- What to work on -
Starting with the line below that holds "Miniatura 4 de" and stopping after the line that holds "Brabion James Beige", transcribe the lines exactly, leaving out all pictures.
━━━━━ Exercise materials
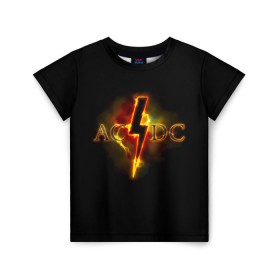 Детская футболка 3D с принтом AC/DC огонь в Новосибирске, 100% гипоаллергенный полиэфир | прямой крой, круглый вырез горловины, длина до линии бедер, чуть спущенное плечо, ткань немного тянется | ac dc | acdc | ангус янг | блюз рок | крис слэйд | надпись | рок группа | рок н ролл | стиви янг | хард рок | эксл роуз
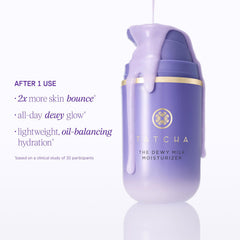 Tatcha The Dewy Milk pump dispense captured mid-action delivering a milky drop of hydration.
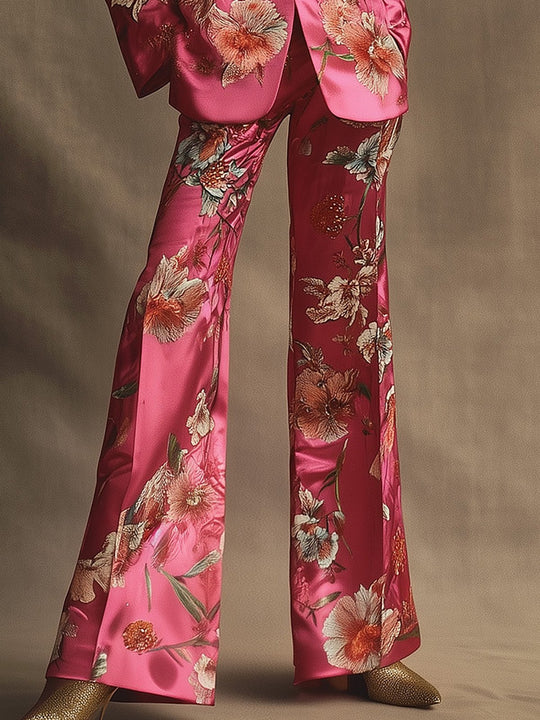 【24-hour shipping】Luxurious Floral Satin Suit - Pants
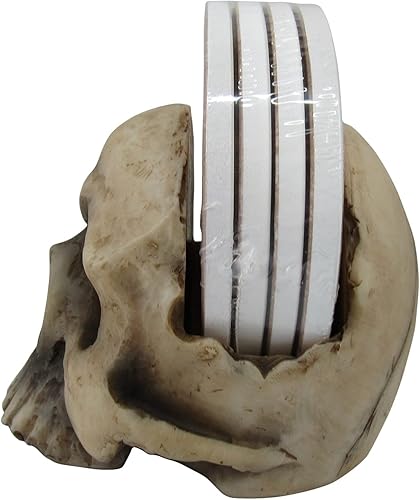 Miniatura 4 de DWK Soporte decorativo de calavera con posavasos absorbentes de bebidas, 4 posavasos absorbentes con juego de soporte, accesorios de cocina góticos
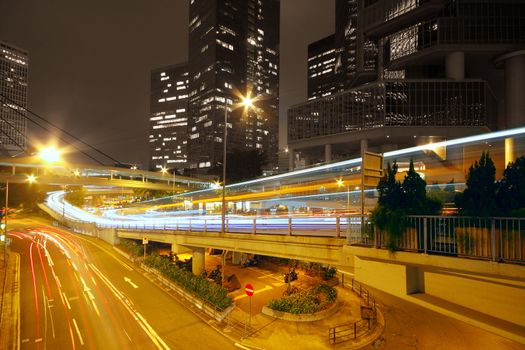 modern city traffic at night 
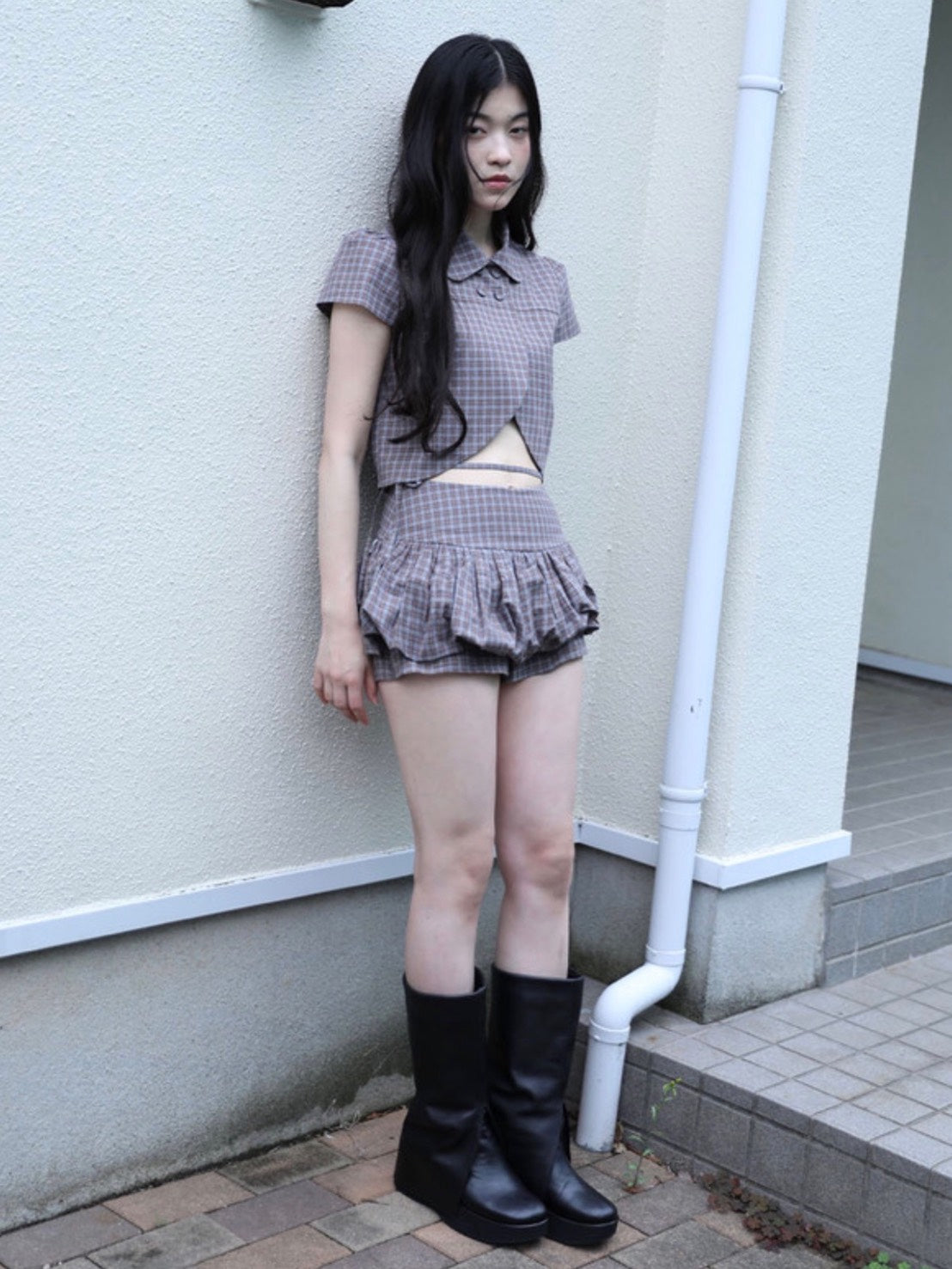 【Uglyshadow】CHECKERED DOUBLE BLOUSE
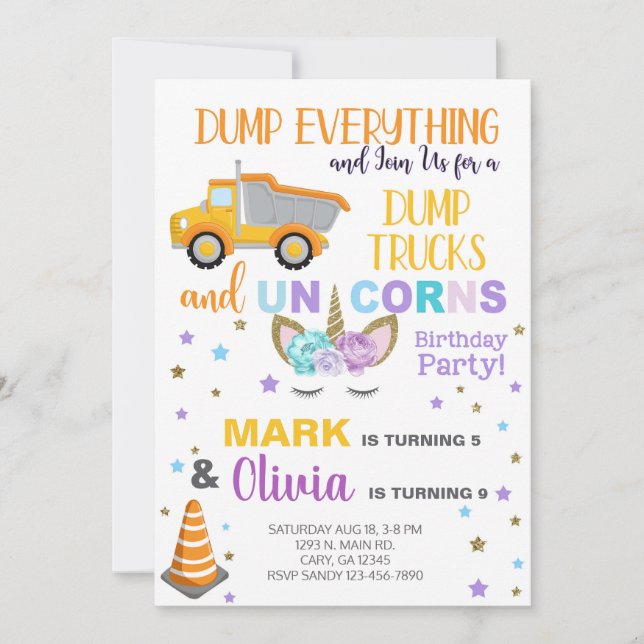 Siblings unicorn and dump truck birthday invite. invitation (Front)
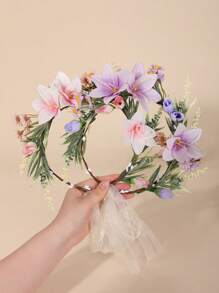 1 Stück romantischer bohemischer Blumenkranz, boho-natürlicher Stil Braut Hochzeit Urlaubs Kopfschmuck für Strand Reise Fotoshooting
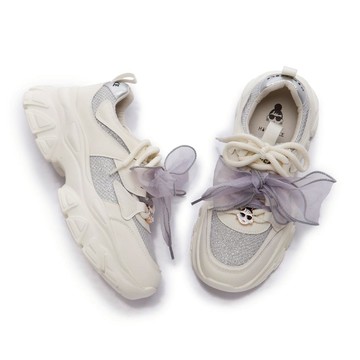 HAPPYFACE 甜酷雙綁飾釦厚底休閒鞋 銀 日本京都聯名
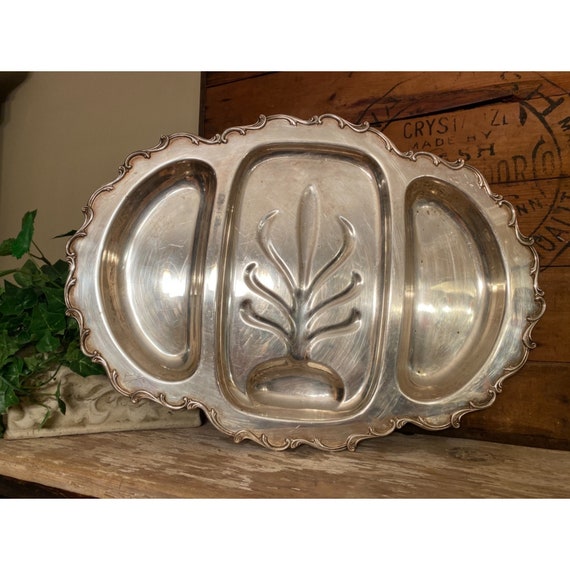 Vintage Divided Silver Serving Tray With Feet | 3 Divisions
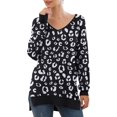 thumbnail image 1 of JWD Women's V-Neck Long Sleeve Side Split Loose Casual Knit Pullover Sweater Blouse FP Leopard Black-XX-Large, 1 of 5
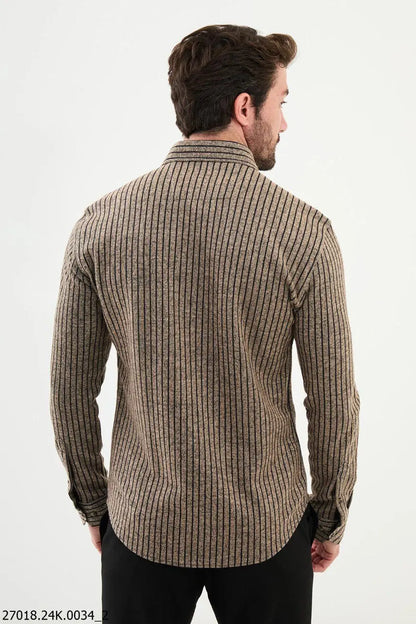 Brabion James Beige Slim Fit Chalk Stripe Wool Shirt - Versatile Elegance for Every Occasion - BRABION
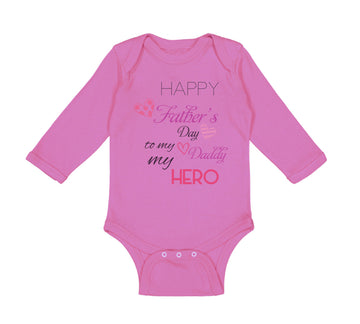 Long Sleeve Bodysuit Baby Happy Father's Day Daddy Hero Military Cotton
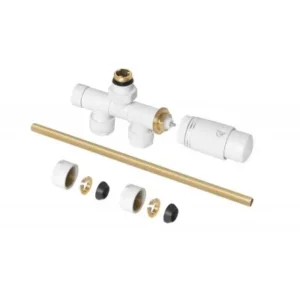 INVENA zestaw zaworów grzejnika łazienkowego jednootworowy biały CZ-87-B15 - obrazek 1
━━━━━━━━━━
- Finished task -
 Miniatura 4 de DWK Soporte decorativo de calavera con posavasos absorbentes de bebidas, 4 posavasos absorbentes con juego de soporte, accesorios de cocina góticos
 modern city traffic at night 
 【Uglyshadow】CHECKERED DOUBLE BLOUSE
 Siblings unicorn and dump truck birthday invite. invitation (Front)
 1 Stück romantischer bohemischer Blumenkranz, boho-natürlicher Stil Braut Hochzeit Urlaubs Kopfschmuck für Strand Reise Fotoshooting
 HAPPYFACE 甜酷雙綁飾釦厚底休閒鞋 銀 日本京都聯名
 Vintage Divided Silver Serving Tray With Feet | 3 Divisions
 thumbnail image 1 of JWD Women's V-Neck Long Sleeve Side Split Loose Casual Knit Pullover Sweater Blouse FP Leopard Black-XX-Large, 1 of 5
 Brabion James Beige Slim Fit Chalk Stripe Wool Shirt - Versatile Elegance for Every Occasion - BRABION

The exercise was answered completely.